The investment will expand Microsoft’s Azure Canada Central and Canada East data centre regions, delivering secure, sustainable and scalable cloud and AI capabilities. New capacity is expected to come online in the second half of 2026.
President Brad Smith accompanied this announcement with pledges regarding Canadian digital sovereignty, including commitments to:
- challenge US legal orders for access to Canadian customer data when they are overbroad, unlawful or conflict with Canadian law;
- rely on comity-based arguments codified in the CLOUD Act to resist disclosure;
- resist attempts — including executive orders — to cut off cloud services to Canadian government clients; and
- leverage Microsoft’s diplomatic relationships and pursue litigation where necessary.
6.2 The June 2025 French Senate Testimony
Any assessment of Microsoft’s sovereignty assurances must be evaluated in light of the company’s sworn testimony before the French Senate on June 10, 2025.77
When asked directly whether he could guarantee, under oath, that data of French citizens stored in Microsoft’s cloud would never be transmitted to US authorities without explicit French authorization, Anton Carniaux, Microsoft France’s Director of Public and Legal Affairs, responded unequivocally: “Non, je ne peux pas le garantir — “No, I cannot guarantee it.”78
This admission, made under oath before a parliamentary body, confirms that Microsoft’s corporate assurances — however well-intentioned — cannot override the company’s legal obligations under US law. When a validly served US legal demand arrives, Microsoft must comply regardless of its contractual commitments to foreign customers.79
6.3 Why Microsoft’s Assurances Are Insufficient for Canadian Sovereignty
From a sovereignty perspective, the fundamental question is whether Canadian institutions, not foreign legislatures or foreign courts, decide who may access sensitive Canadian data.
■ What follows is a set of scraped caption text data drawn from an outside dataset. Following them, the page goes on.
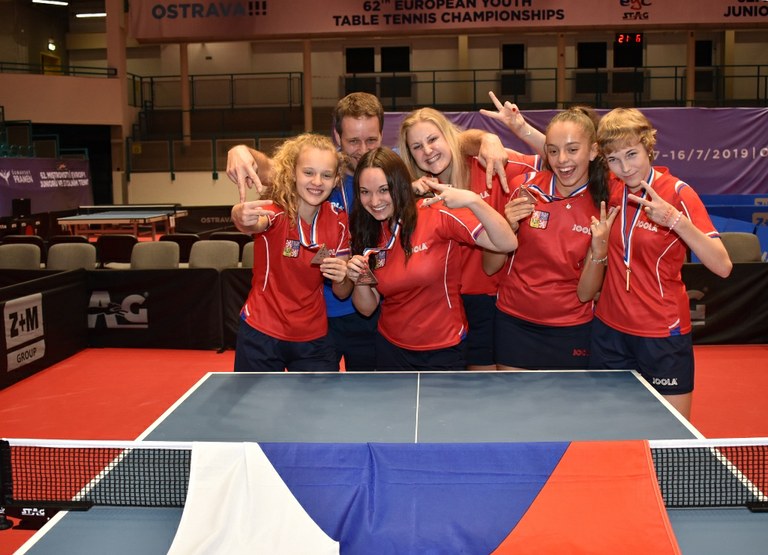 Evropský šampionát juniorů ve stolním tenise jde do finále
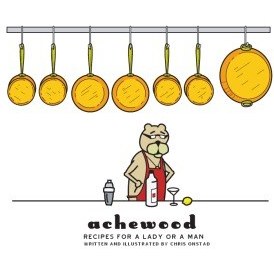تصویر دانلود کتاب Recipes for a Lady or a Man / the Achewood Cookbook 2003 کتاب انگلیسی دستور العمل های یک خانم یا یک مرد / کتاب آشپزی Achewood 2003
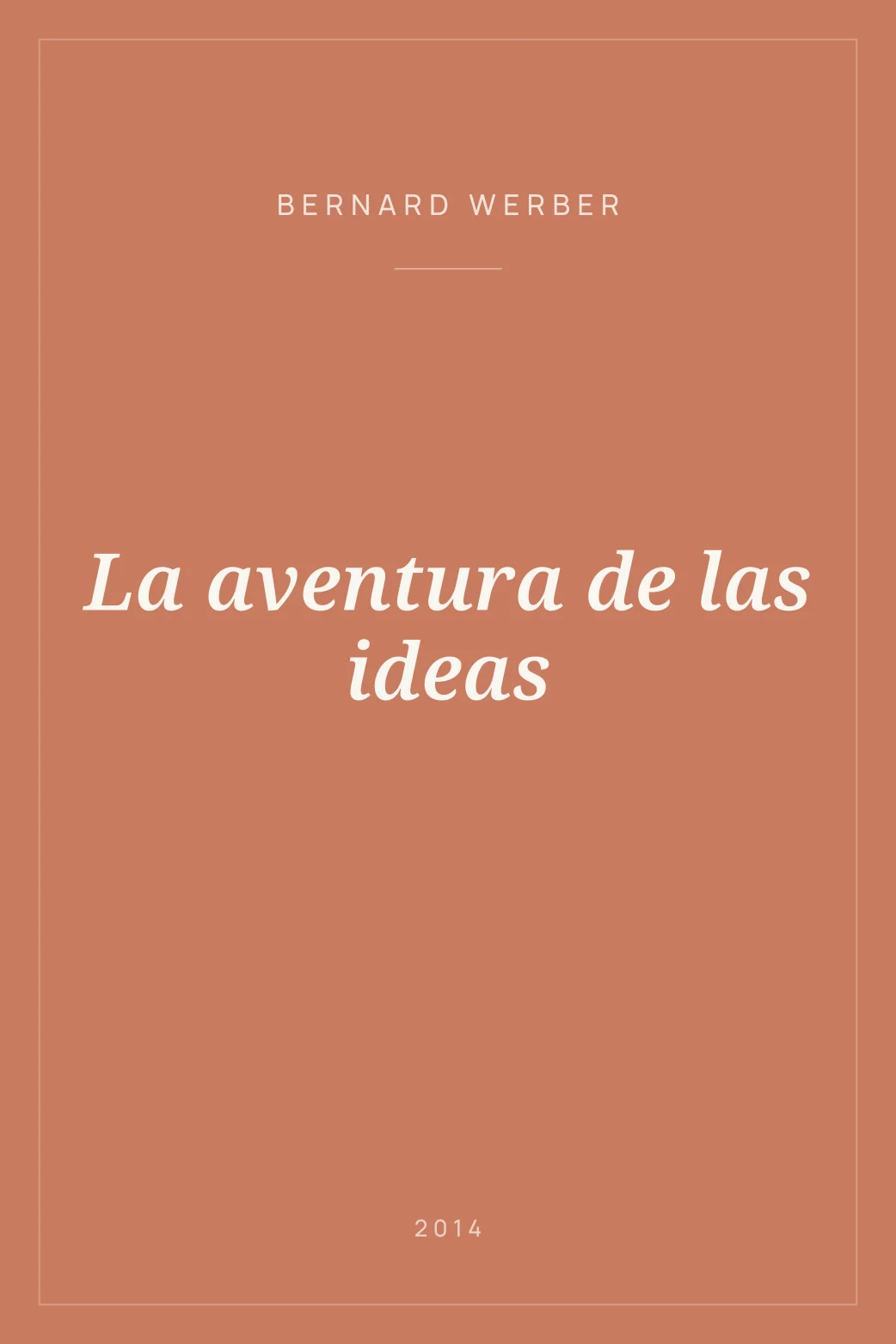 Portada de La aventura de las ideas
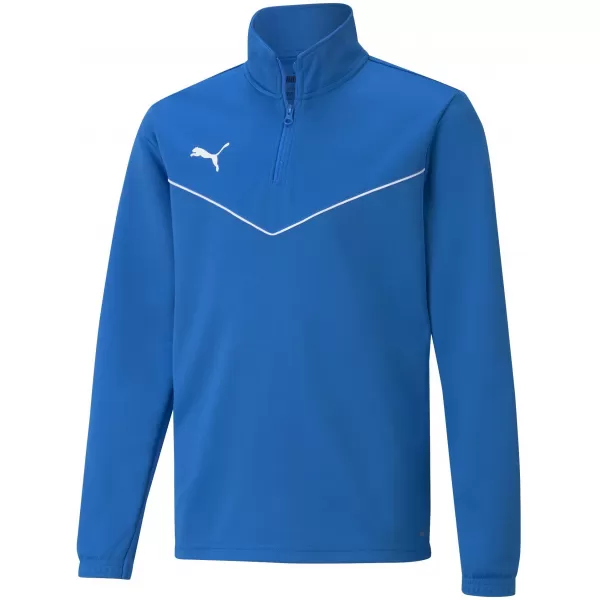  T -majica PUMA TEAMRISE 1/4 ZIP TOP JR 657395_02 ELEKTRIČNA MODRA LIMONADA 
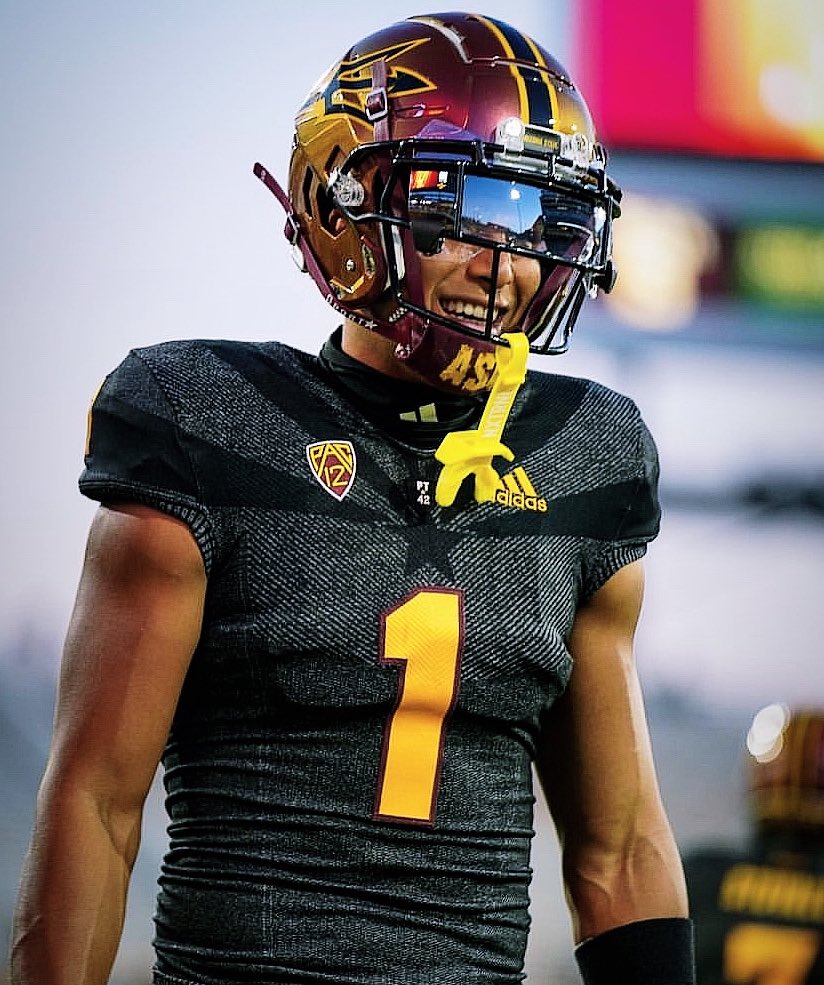 #AGTG After a great conversation with @BWardDCoord , I’m blessed to receive an offer from Arizona State University 🟡⚪️ @AllenTrieu @CharlesPower @RivalsFriedman @BALLERSCHOICE1 @SWiltfong_ @Andrew_Ivins @ChadSimmons_ @adamgorney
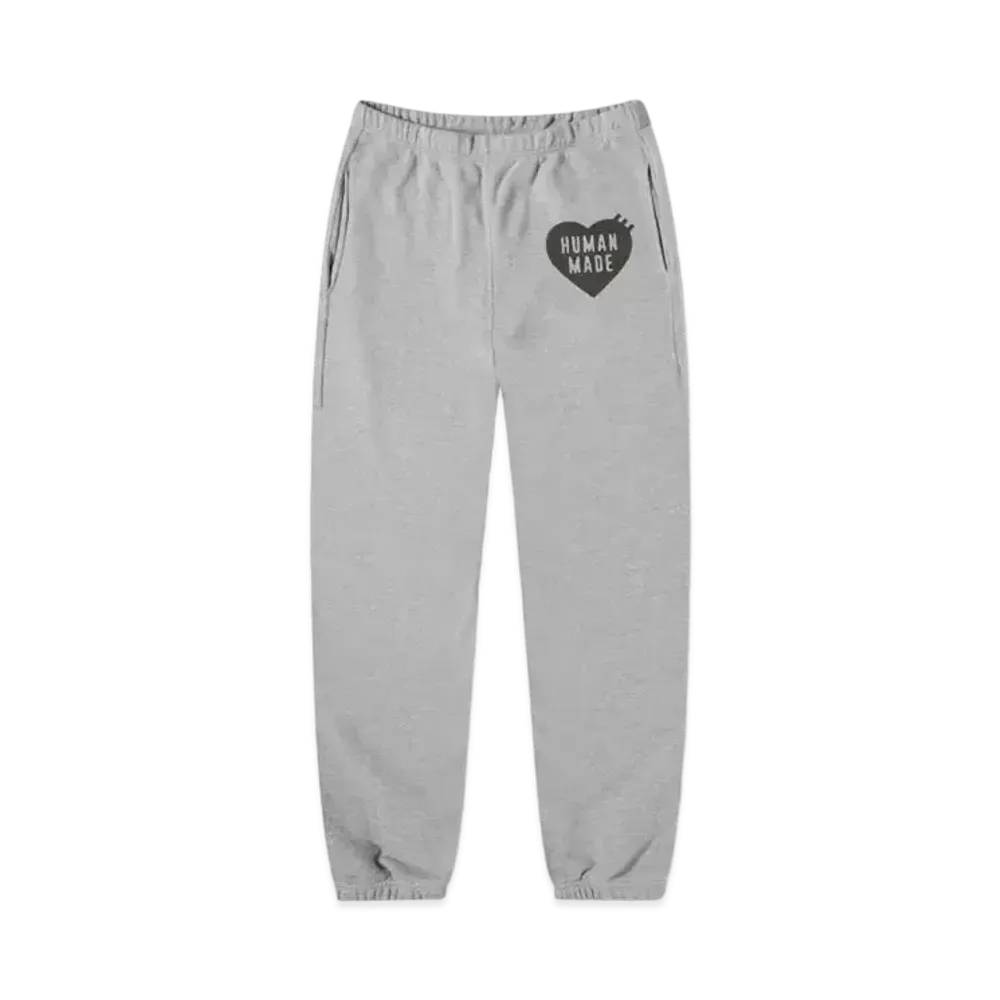 HUMAN MADE Heart Logo Sweat Pant "Grey"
Microsoft’s commitments fail this test for several structural reasons.
6.3.1 Non-Sovereign Nature of Corporate Assurances
Microsoft’s pledges represent a private actor's policy choice, subject to change at the company's discretion, rather than durable legal guarantees rooted in Canadian legislation, Canadian courts, or binding international agreements negotiated by Canada. Microsoft’s admission “crystallizes a broader pattern of Canadian policy retreat in the digital domain” and demonstrates that “jurisdictional sovereignty in the age of cloud infrastructure defaults to the nation that controls the platform, not the country where the data resides.”80
6.3.2 Legal Constraints Under US Law
The CLOUD Act explicitly authorizes US law enforcement to require US providers to disclose data they control, including data stored abroad. Microsoft, as a US corporation, remains ultimately subject to US law. The French Senate testimony confirmed what European regulators and privacy advocates have long suspected: technical and contractual measures cannot overcome legal obligations.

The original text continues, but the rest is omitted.